I decided to try kefir instead of yogurt because it has more different probiotics and I didn't want to keep buying starter. Kefir is also more convenient because it cultures at room temperature, using lumps of probiotics and yeast that are called grains. I bought a kefir kit, but I found the strainer that came in the kit has too small holes, it is too hard to get the finished kefir through the strainer.
As with yogurt, I have been making my kefir with fresh raw milk from a source that I trust, without heating the milk first. With my raw milk from Jersey cows, the kefir sets up as firm as yogurt, and once the culture is going well a quart takes about 8 hours in this warm summer weather (my kitchen is in the high 70s or even 80). Raw goat milk makes a much thinner kefir with whey forming on top, instead of on the bottom as with cows milk, and takes longer. I use it in a breakfast smoothie so it doesn't matter how thick it is, but it is harder to tell when it is done.

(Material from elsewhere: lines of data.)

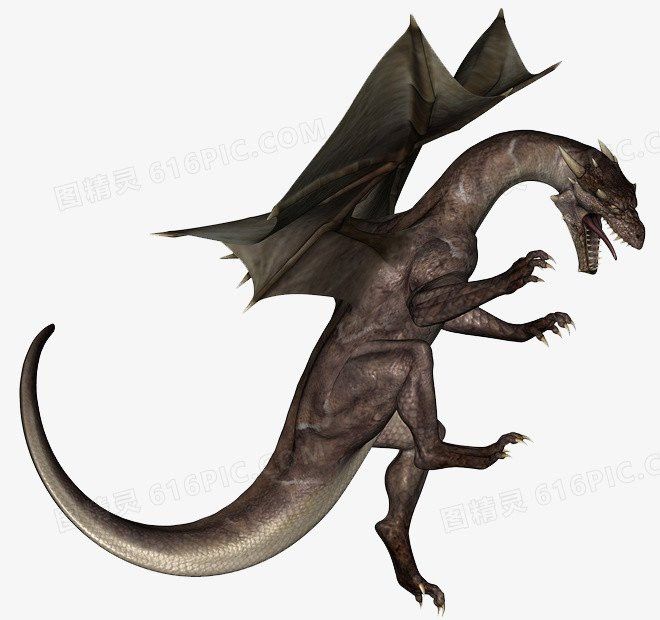 帶張字的龍圖片高清版 帶張字的龍圖片高清版 龍魚百科 第29張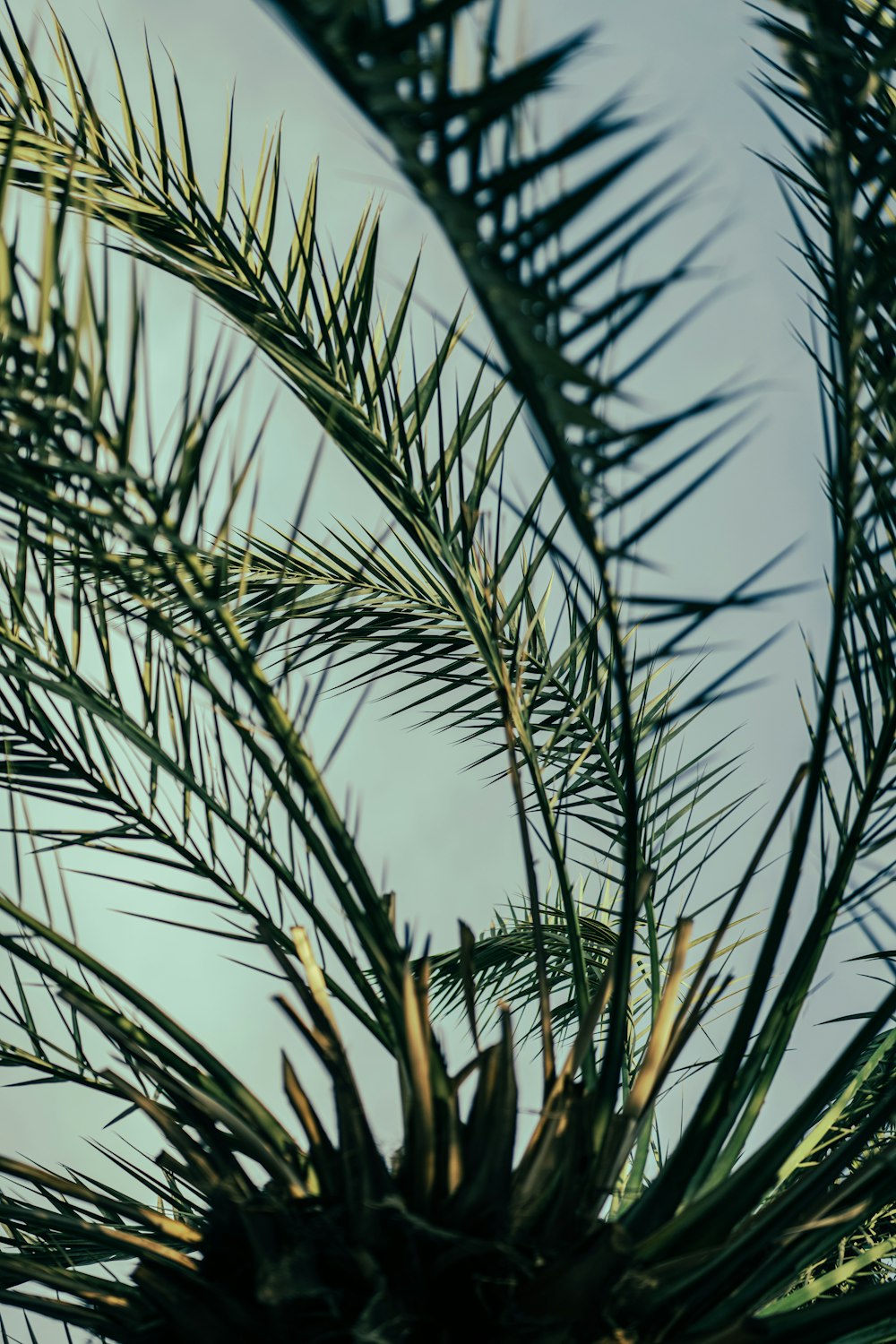 a close up of a palm tree with a blue sky in the background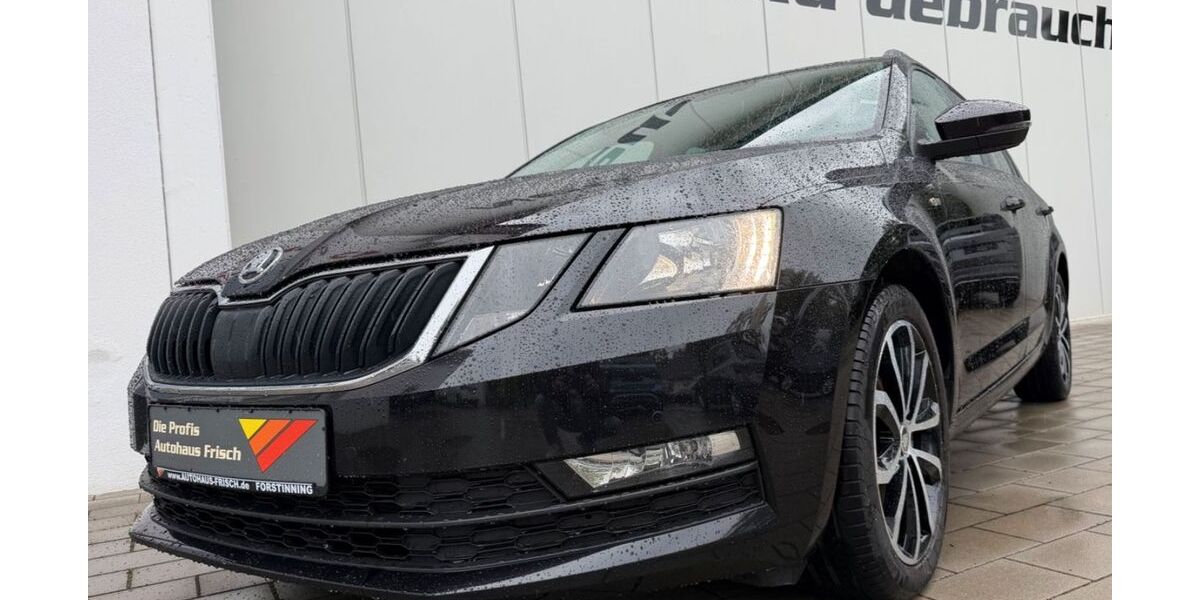 Skoda Octavia 175.538 km 11.490 &euro; Forstinning bei München 85661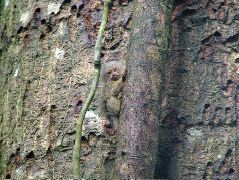 DSCF1056.JPG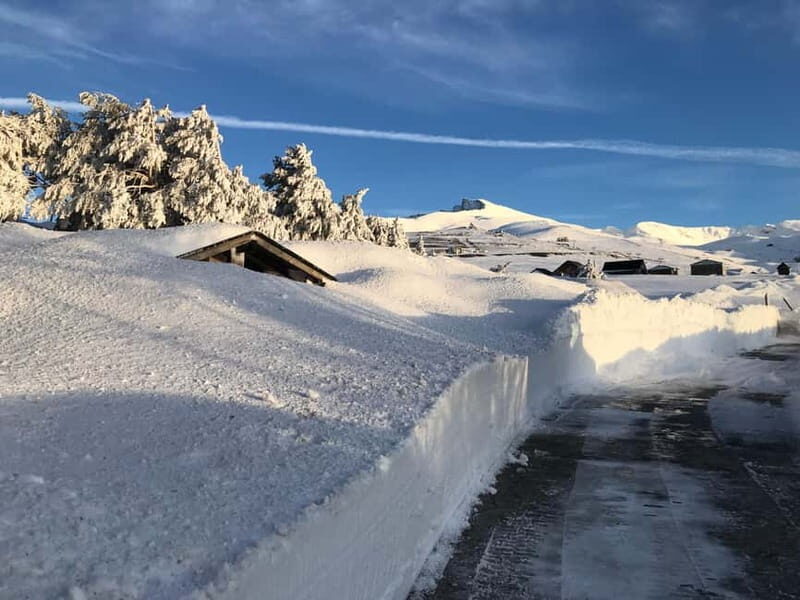 From Granada: Sierra Nevada Safari up to 2500 meters high - Good To Know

My kefir grains seem to do fine spending most of the week in the refrigerator in some milk, though the instructions recommend keeping them at room temperature making more kefir all the time. After I left them in the refrigerator for almost three weeks when I was away, I restarted them by rinsing them and putting them in about a cup of fresh low-temperature-pasturized milk on the counter, changing the milk every 24 hours for a couple of days before going back to my usual quart of raw milk.
If you are thinking of getting into making kefir, make sure that you have a source of milk that is organic and not ultra-pasturized. And make sure you want to use kefir regularly; it isn't something you can make now and then when inspiration hits, the grains need to be used most weeks.